The New York-based organization found that 34 journalists were killed in retaliation for their work as of Dec. 14, while at least 53 were killed overall. That compares to 18 retaliation killings among the 47 deaths documented by the committee in 2017.
The report issued Wednesday includes the killing of Washington Post columnist Jamal Khashoggi, a native of Saudi Arabia fiercely critical of its royal regime. His Oct. 2 death inside the Saudi consulate in Istanbul has led to tremors on the global political scene around allegations that Saudi Crown Prince Mohammed bin Salman was involved.
Khashoggi lived in self-imposed exile in the United States, and had gone to the Saudi consulate to formalize his divorce, but was instead strangled and dismembered — allegedly by Saudi agents.
Asked whether he believed the crown prince had ordered Khashoggi’s murder, President Donald Trump said last month, “Maybe he did and maybe he didn’t.” While the president condemned the violence against journalists, the committee noted that he has called them “enemies of the people.”
In addition to retaliation killings, journalists have died in combat or crossfire, or on other dangerous assignments. The deadliest country for journalists this year has been Afghanistan, where 13 journalists were killed, some in back-to-back blasts staged by suicide bombers and claimed by the militant group Islamic State, according to the report.
Media freedom group Reporters Without Borders said Tuesday that the U.S. made it into the top five deadliest countries for journalists this year for the first time, with six dying, including four who were among five people killed by a gunman who opened fire in the offices of Maryland newspaper Capital Gazette on June 28. The shooting was the deadliest single attack on the media in recent U.S. history. A sales associate was also killed. The man had threatened the newspaper after losing a defamation lawsuit. Another two died while covering extreme weather.
In addition, the committee said the imprisonment of journalists has been on the rise.
“The context for the crisis is varied and complex, and closely tied to changes in technology that have allowed more people to practice journalism even as it has made journalists expendable to the political and criminal groups who once needed the news media to spread their message,” the committee said in its report.
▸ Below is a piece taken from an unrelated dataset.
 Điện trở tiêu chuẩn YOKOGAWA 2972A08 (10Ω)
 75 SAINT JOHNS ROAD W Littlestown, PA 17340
Time magazine last week recognized jailed and killed journalists as its “person of the year,” including Khashoggi, Maria Ressa imprisoned in the Philippines, Wa Lone and Kyaw Soe Oo imprisoned in Myanmar, and staff at the Capital Gazette.
Journalists also have died this year in Slovakia, where 27-year-old investigative reporter Jan Kuciak was fatally shot while probing alleged corruption, and in Malta, where Daphne Caruana Galizia, on a similar mission, was killed by a bomb placed in her car. At least four journalists were murdered in Mexico, two in Brazil, and two Palestinian journalists were shot and killed by Israeli soldiers during protests in the Gaza Strip, according to the report.
In Syria and Yemen, two of the worst civil-war decimated countries, the fewest journalists were killed since 2011. Three died in Yemen, and in Syria, the committee recorded nine deaths compared to a high of 31 in 2012. However, the drop may be due to limited access or extreme risks that discourage media visits, the committee said.